= Beginning of Section =

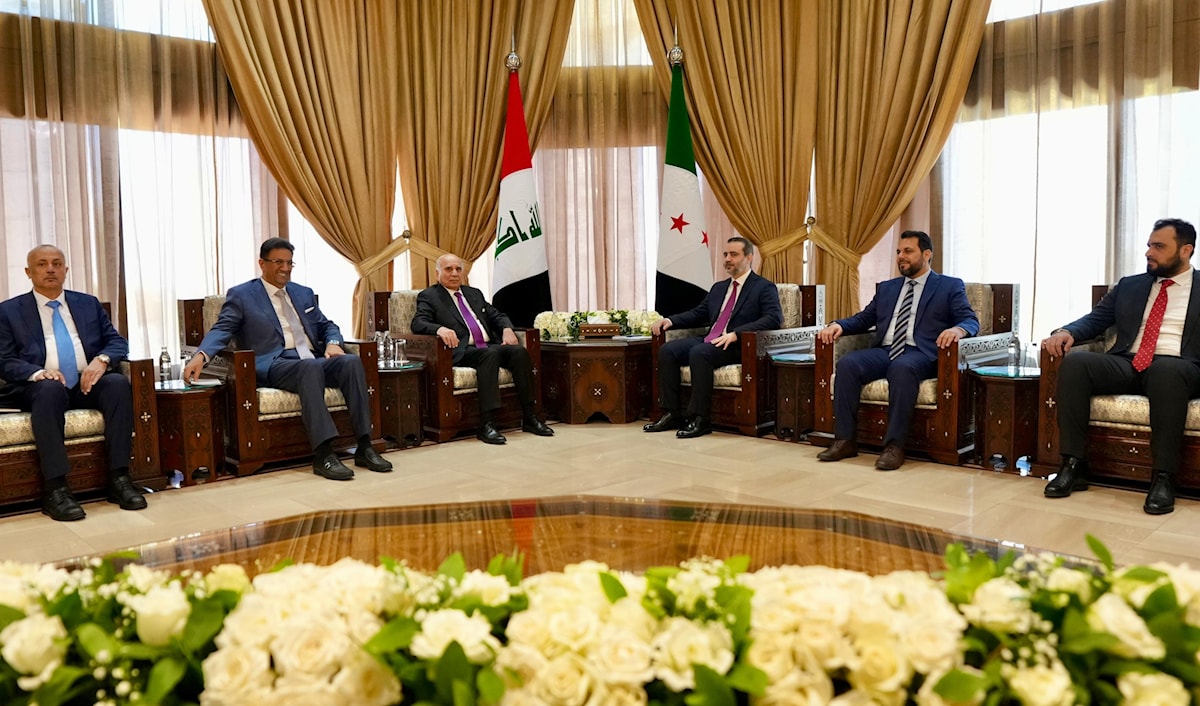 وزير الخارجية العراقي يبحث مع نظيره السوري العلاقات الثنائية (واع)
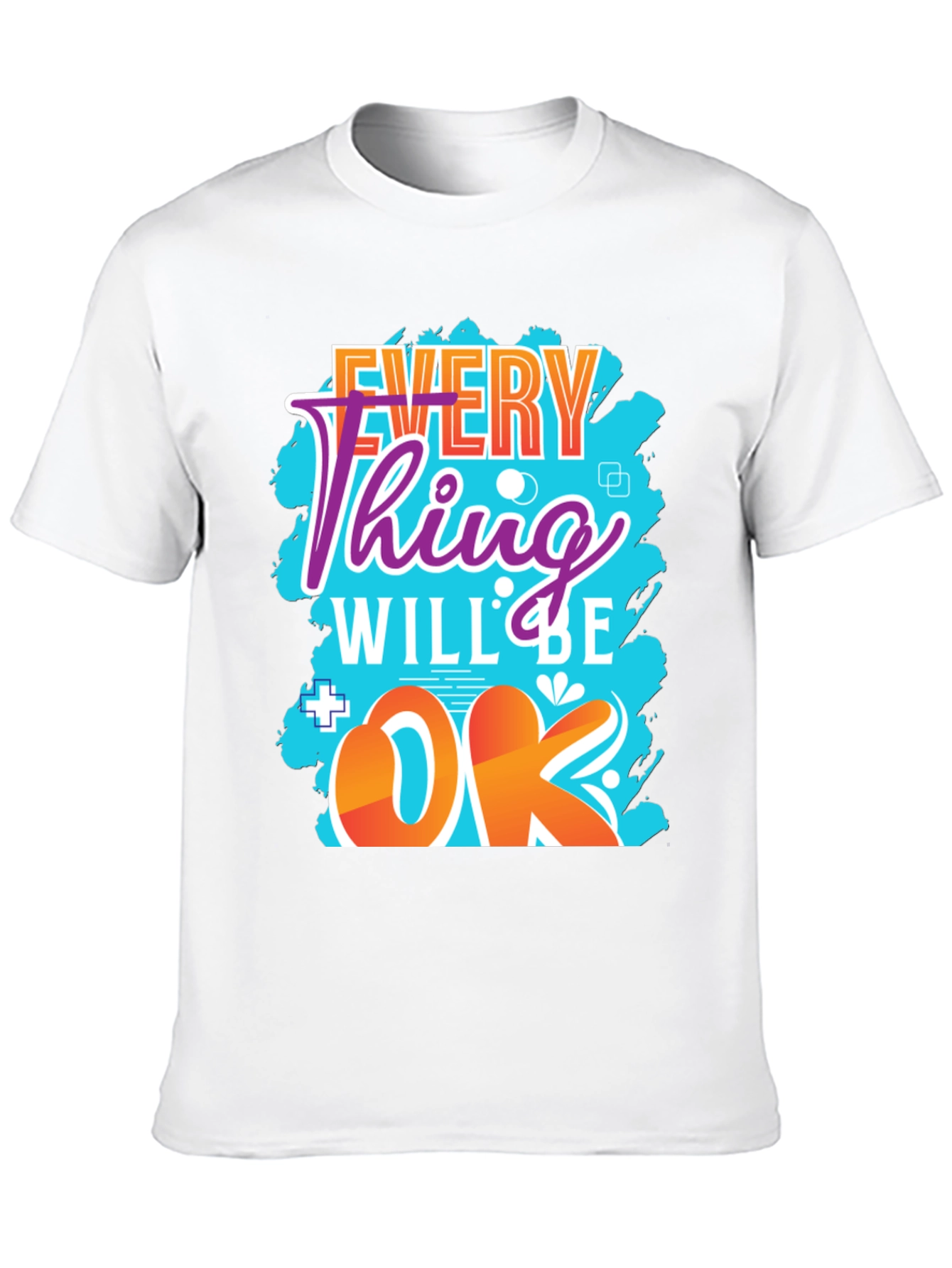 Everything Will Be OK Graphic Tee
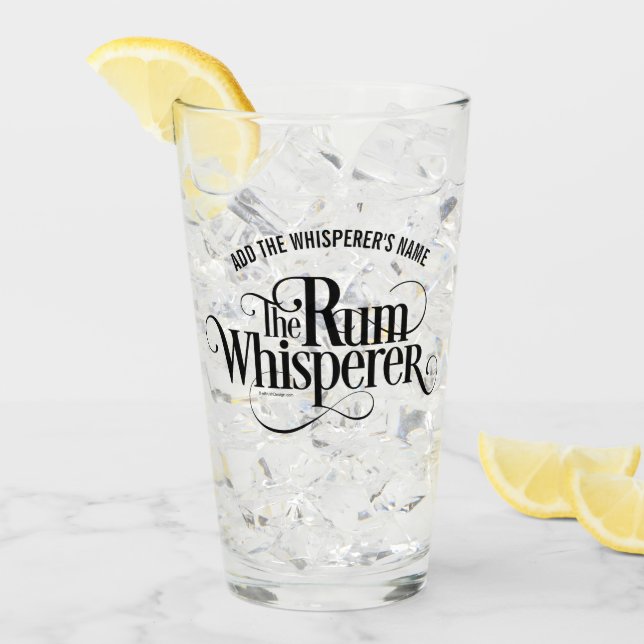 Rum Whisperer (Anverso (hielo))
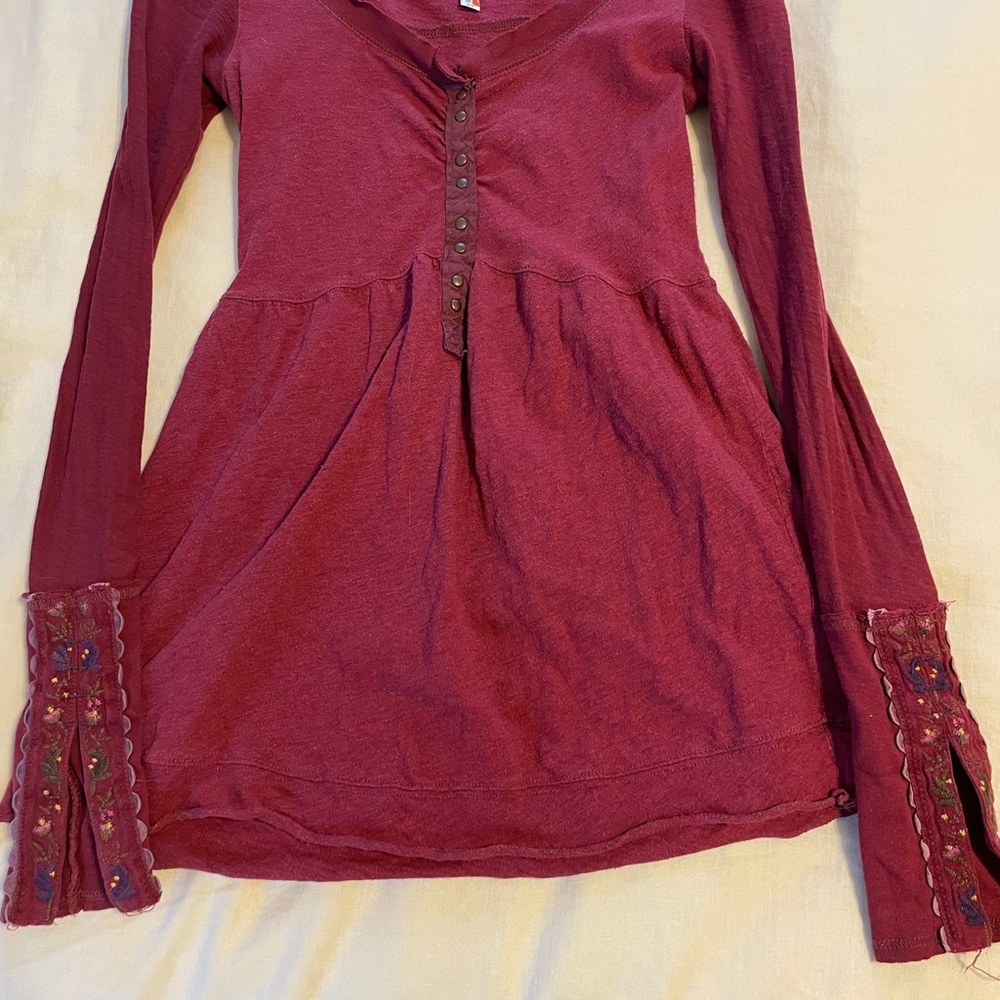 Free People Henley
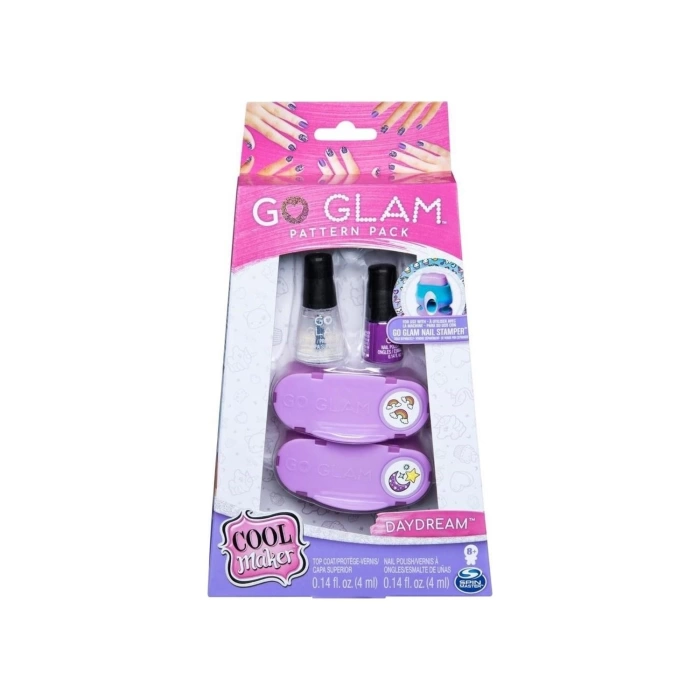 Cool Maker Go Glam Love Story Desen Paketi - Mor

= End of Section =

ABOUT THIS EXERCISE |
Only the records, copied exactly and without pictures, should make up the answer.

SOLUTION FOR THIS EXERCISE |
 وزير الخارجية العراقي يبحث مع نظيره السوري العلاقات الثنائية (واع)
 Everything Will Be OK Graphic Tee
 Rum Whisperer (Anverso (hielo))
 Free People Henley
 Cool Maker Go Glam Love Story Desen Paketi - Mor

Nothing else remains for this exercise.